Please retype the records below exactly as they appear, leaving out every picture.

Brief descriptive captions
_ _ _ _ _ _ _
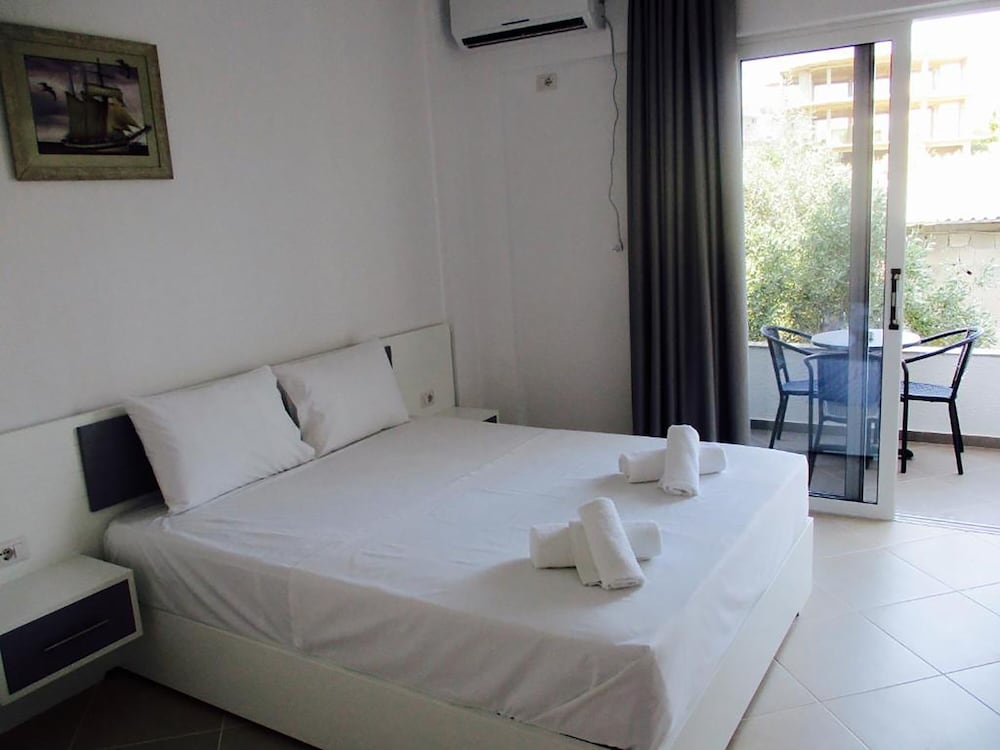 Hotel Sunshine 17/50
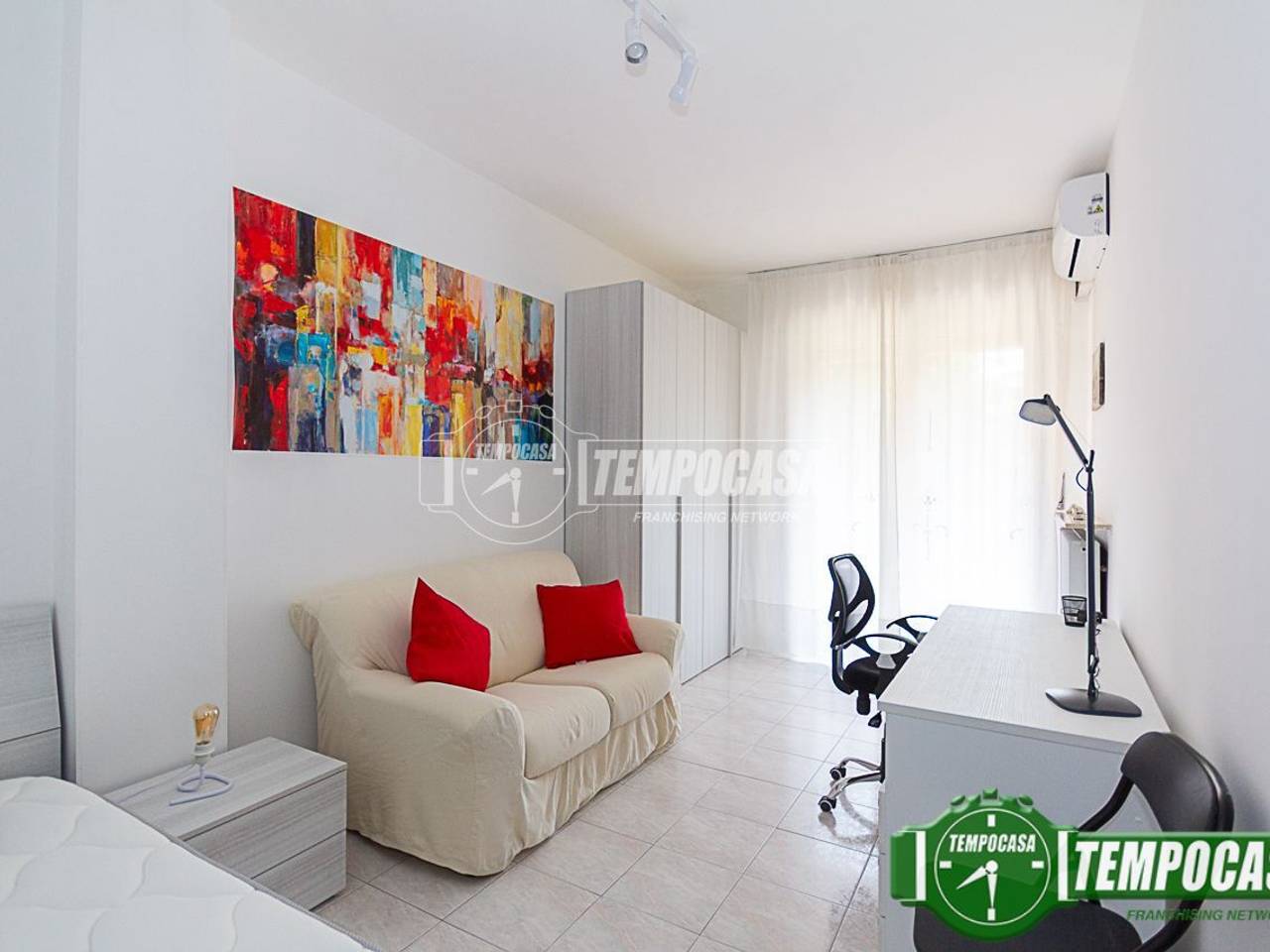 negozio in affitto a Verona in zona Saval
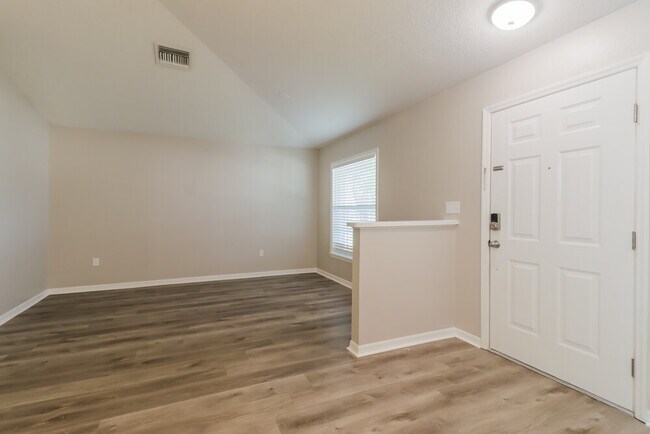 Building Photo - 25406 7 Rivers Cir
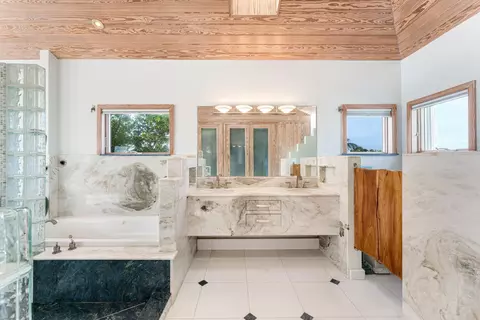 Bath - 133 Sunset Dr, Islamorada, FL 33036 photo 3 of 5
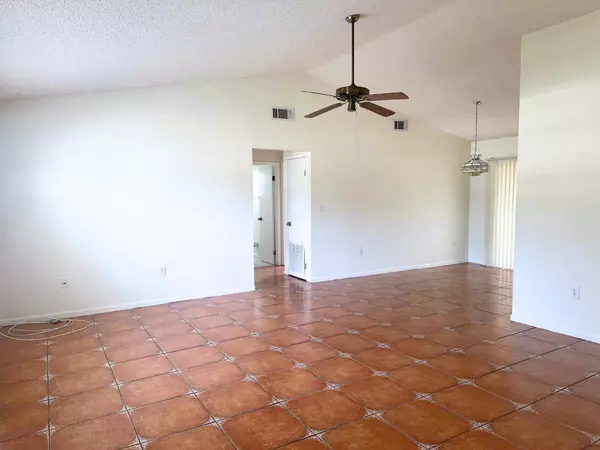 Rockledge, FL 32955,853 Pine View AVE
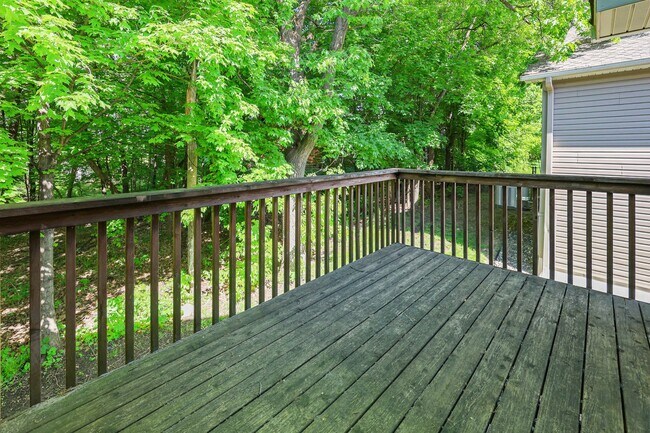 Building Photo - 6030 Boulder Ridge Dr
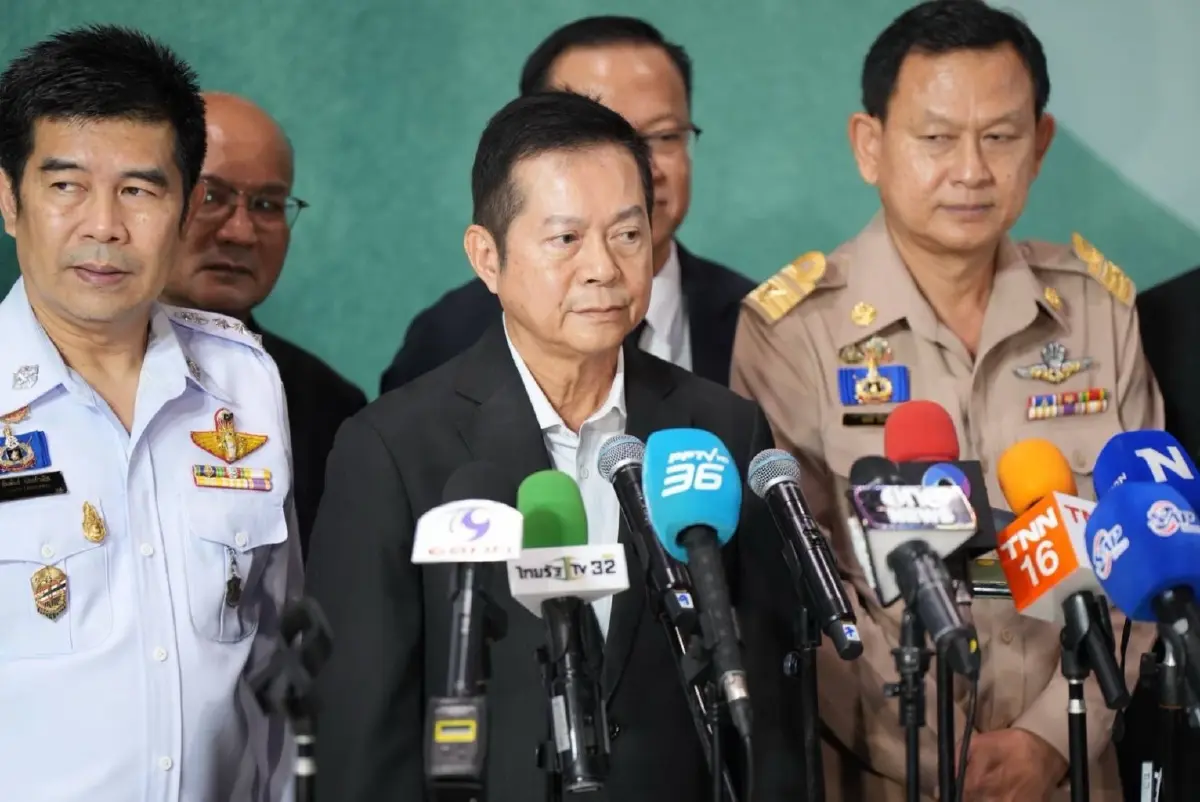 "ปธ.กกต."  ยันพร้อม "เลือกตั้งกทม.-พัทยา" เข้มมาตรการกันโกง ประทับตราบัตรทุกใบ ย้ำไม่มีบาร์โค้ด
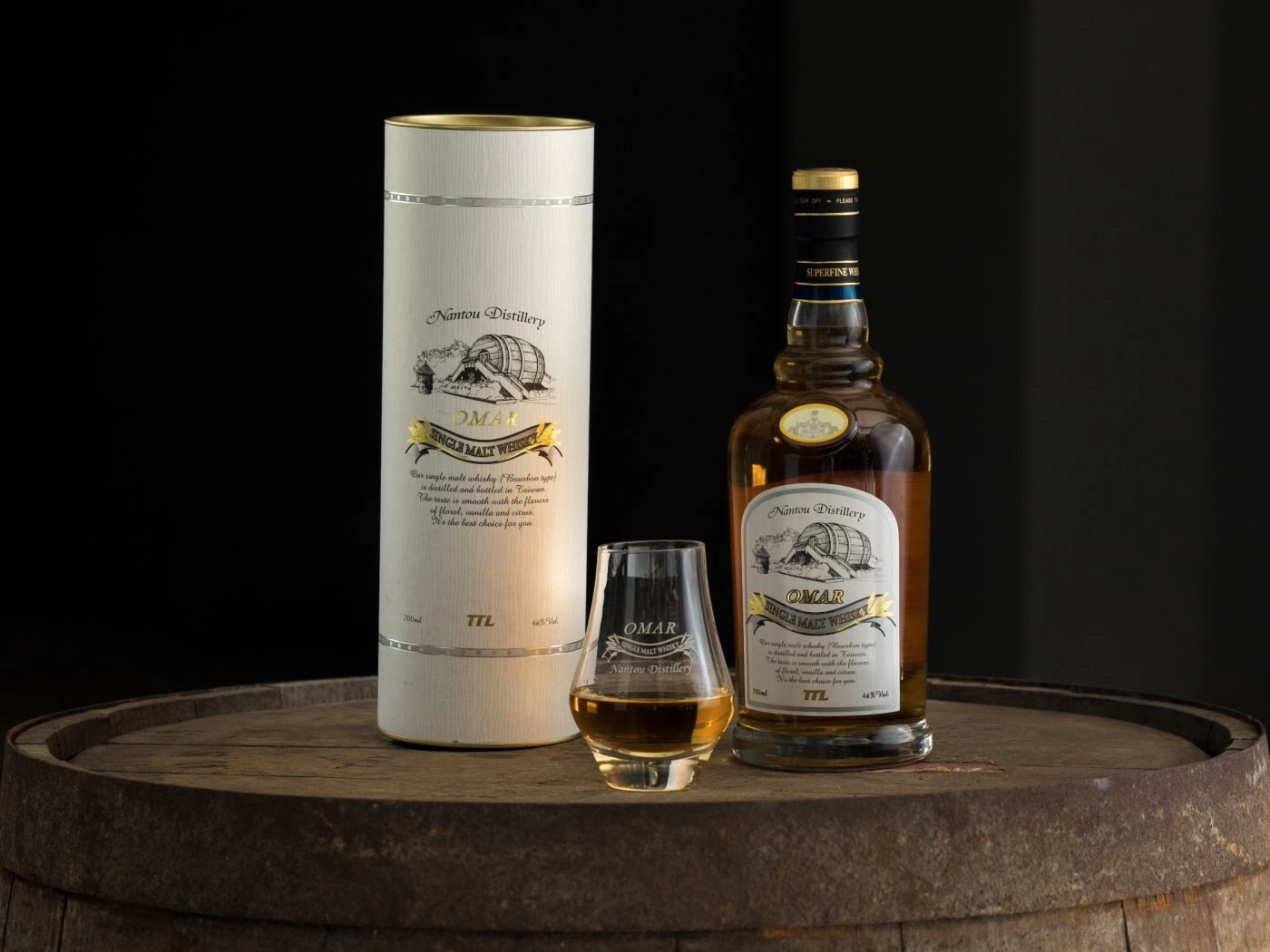 Whisky Omar Bourbon Cask Với Hương Vị Gỗ Sồi Đặc Trưng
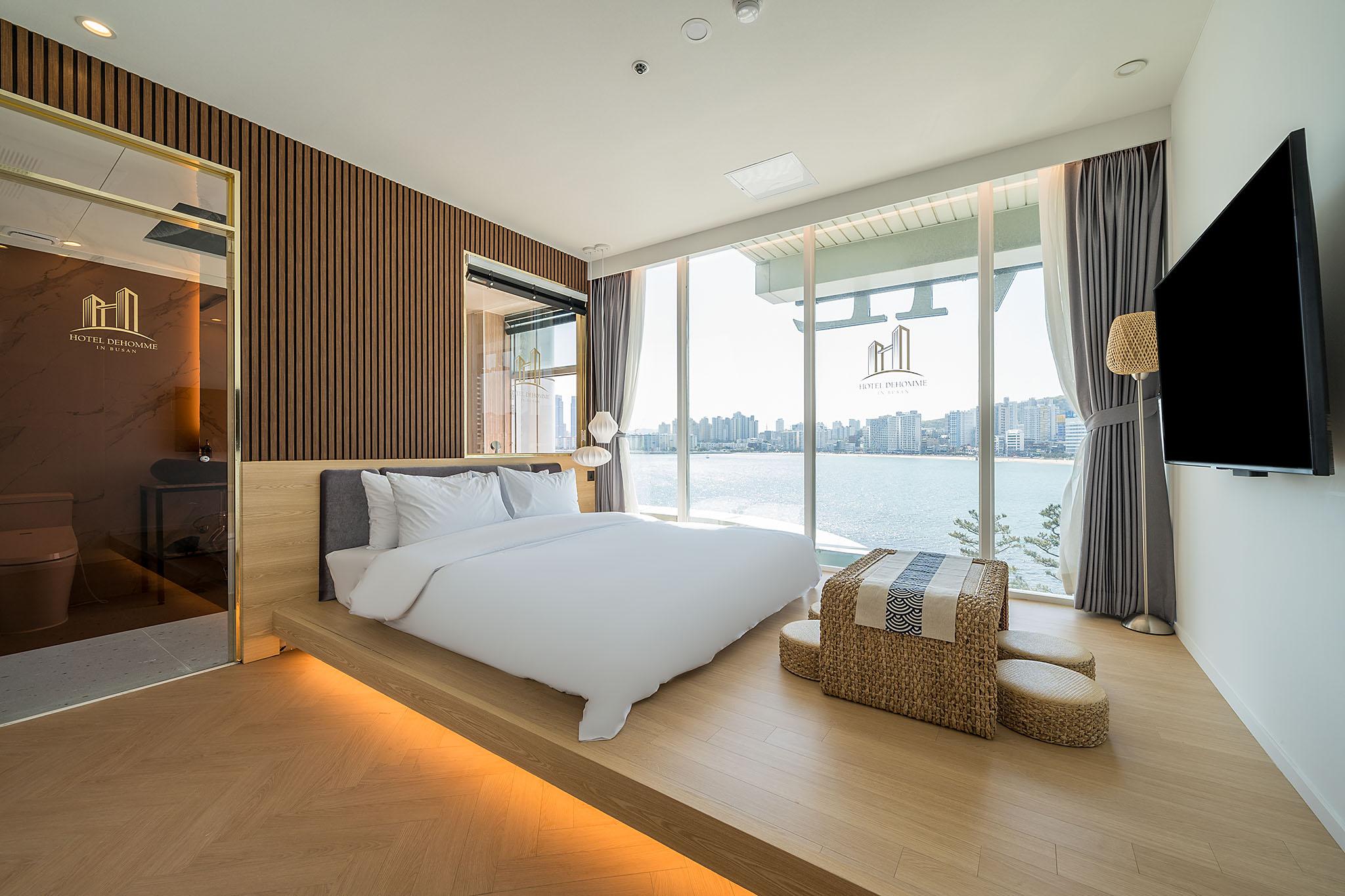 Busan Gwangalli Hotel De Homme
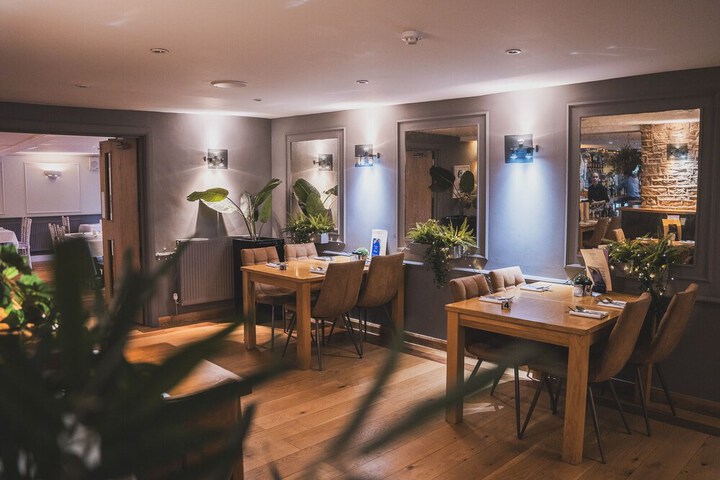 Dining 62 of 71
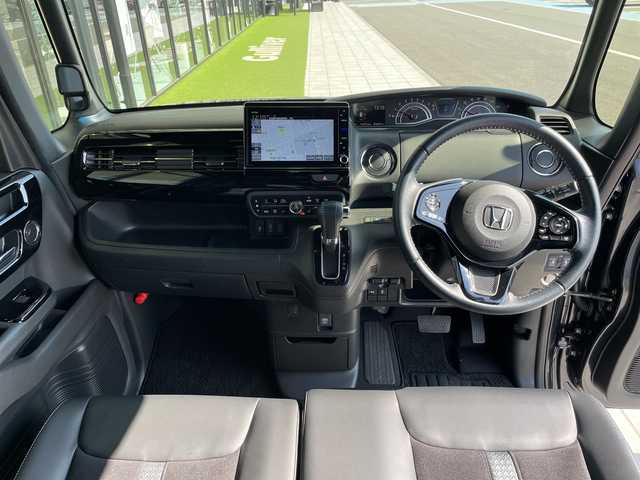 ホンダ Ｎ ＢＯＸ カスタム L ターボ 愛知県 2021(令3)年 1.7万km ミッドナイトブルービームM ホンダセンシング/純正8型ナビ/両側パワースライドドア/レーダークルーズコントロール/シートヒーター/バックカメラ/コーナーセンサー/LEDヘッドライト/純正アルミホイール/パドルシフト/ETC/衝突軽減システム/CD DVD/Bluetooth/ステアリングスイッチ/スマートキー/プッシュスタート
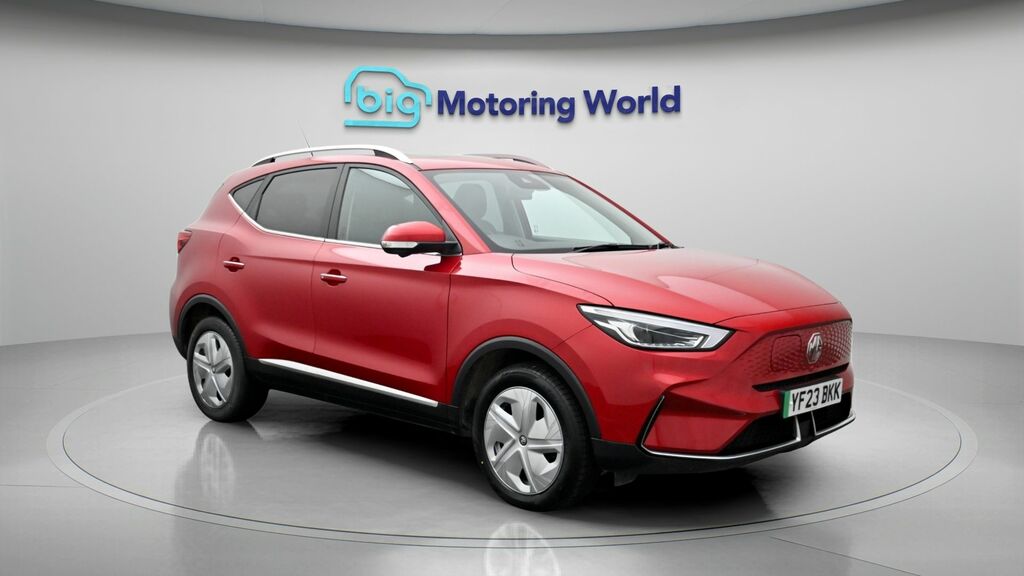 MG ZS Trophy Connect Long Range Red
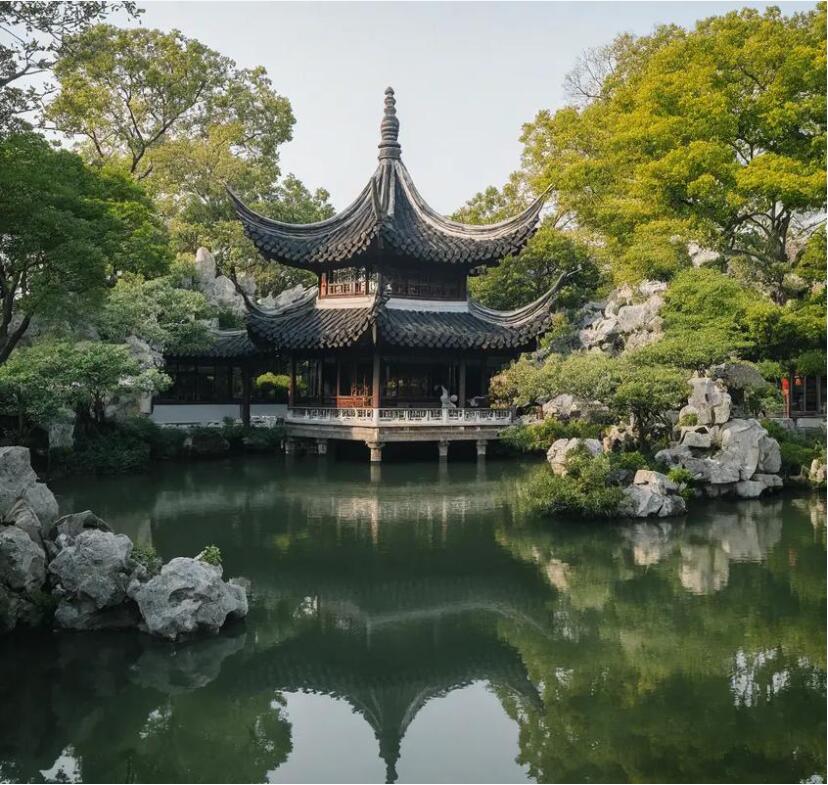 鞍山宿命餐饮有限公司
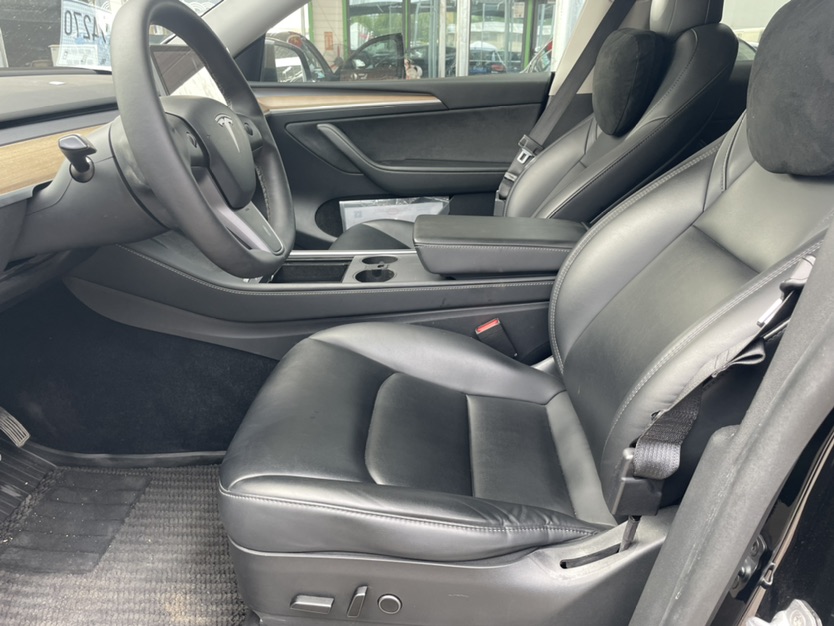 Tesla Model Y 2021 immagine di auto #5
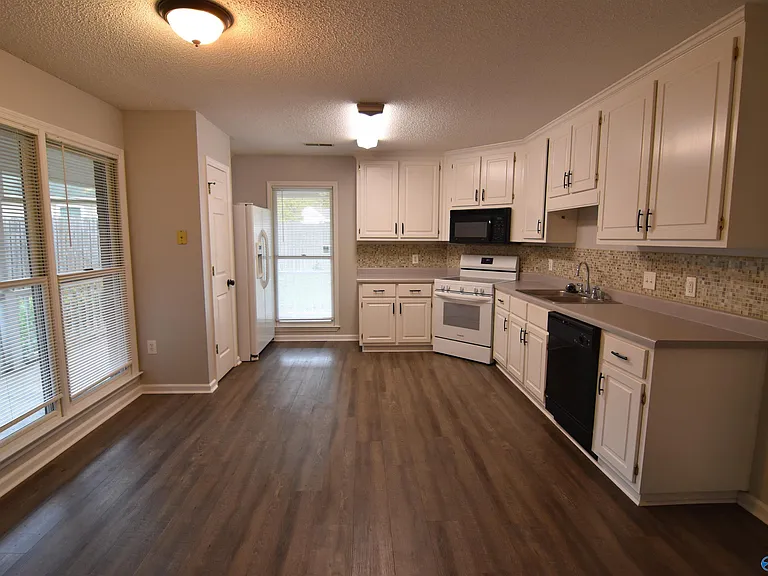 103 Tess Cir NE — Photo 6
_ _ _ _ _ _ _
- **Exercise answer**
 Hotel Sunshine 17/50
 negozio in affitto a Verona in zona Saval
 Building Photo - 25406 7 Rivers Cir
 Bath - 133 Sunset Dr, Islamorada, FL 33036 photo 3 of 5
 Rockledge, FL 32955,853 Pine View AVE
 Building Photo - 6030 Boulder Ridge Dr
 "ปธ.กกต."  ยันพร้อม "เลือกตั้งกทม.-พัทยา" เข้มมาตรการกันโกง ประทับตราบัตรทุกใบ ย้ำไม่มีบาร์โค้ด
 Whisky Omar Bourbon Cask Với Hương Vị Gỗ Sồi Đặc Trưng
 Busan Gwangalli Hotel De Homme
 Dining 62 of 71
 ホンダ Ｎ ＢＯＸ カスタム L ターボ 愛知県 2021(令3)年 1.7万km ミッドナイトブルービームM ホンダセンシング/純正8型ナビ/両側パワースライドドア/レーダークルーズコントロール/シートヒーター/バックカメラ/コーナーセンサー/LEDヘッドライト/純正アルミホイール/パドルシフト/ETC/衝突軽減システム/CD DVD/Bluetooth/ステアリングスイッチ/スマートキー/プッシュスタート
 MG ZS Trophy Connect Long Range Red
 鞍山宿命餐饮有限公司
 Tesla Model Y 2021 immagine di auto #5
 103 Tess Cir NE — Photo 6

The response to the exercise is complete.